|SUBSTITUTE FOR RETURNS (SFR'S) ARE IMPOSSIBLE|
By Pitman Buck, Jr.
The Internal Revenue Service (IRS) claims that it has authority under 26 U.S.C. 6020(b) to file an income tax return (called a "Substitute For Return,"or SFR) on behalf of someone who did not file a return. This claim has made me curious about the IRS’ use of the word "substitute." Black's Law Dictionary, 6th ed., defines the term "substitute" to mean, "One who or that which stands in the place of another person or thing; to exchange." (Bold added.) So, in the real world, to be a substitute for another person or thing, the other person or thing must already exist or must have existed. To illustrate, no spectator has ever seen, known or heard of an athletic coach sending a substitute into a game for another player who wasn't already in the game or for a player who does not exist and never existed. Likewise, in the real world, to be a substitute for a thing – let’s say the thing is John Doe’s 1995 tax return – then that thing, John Doe’s 1995 tax return, must already exist or must have already existed.

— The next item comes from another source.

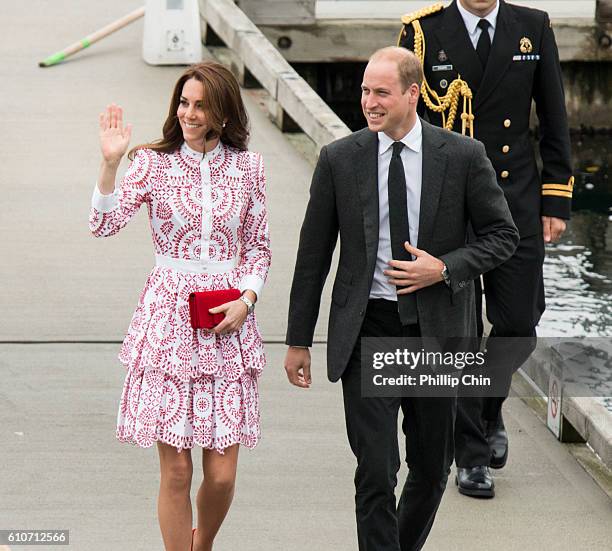 Catherine, Duchess of Cambridge and Prince William, Duke of Cambridge arrive by Sea Plane in Vancouver during their Royal Tour of Canada on September...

However, the IRS makes the incredible claim under section 6020(b) that it may exchange its own created 1995 return for one that John Doe did not file, i.e., for another return that does not exist. WOW! What magic! It is simply amazing to me that the IRS claims that the law empowers it with the magical ability to exchange a thing that it created for another thing that never existed and yet get something in return!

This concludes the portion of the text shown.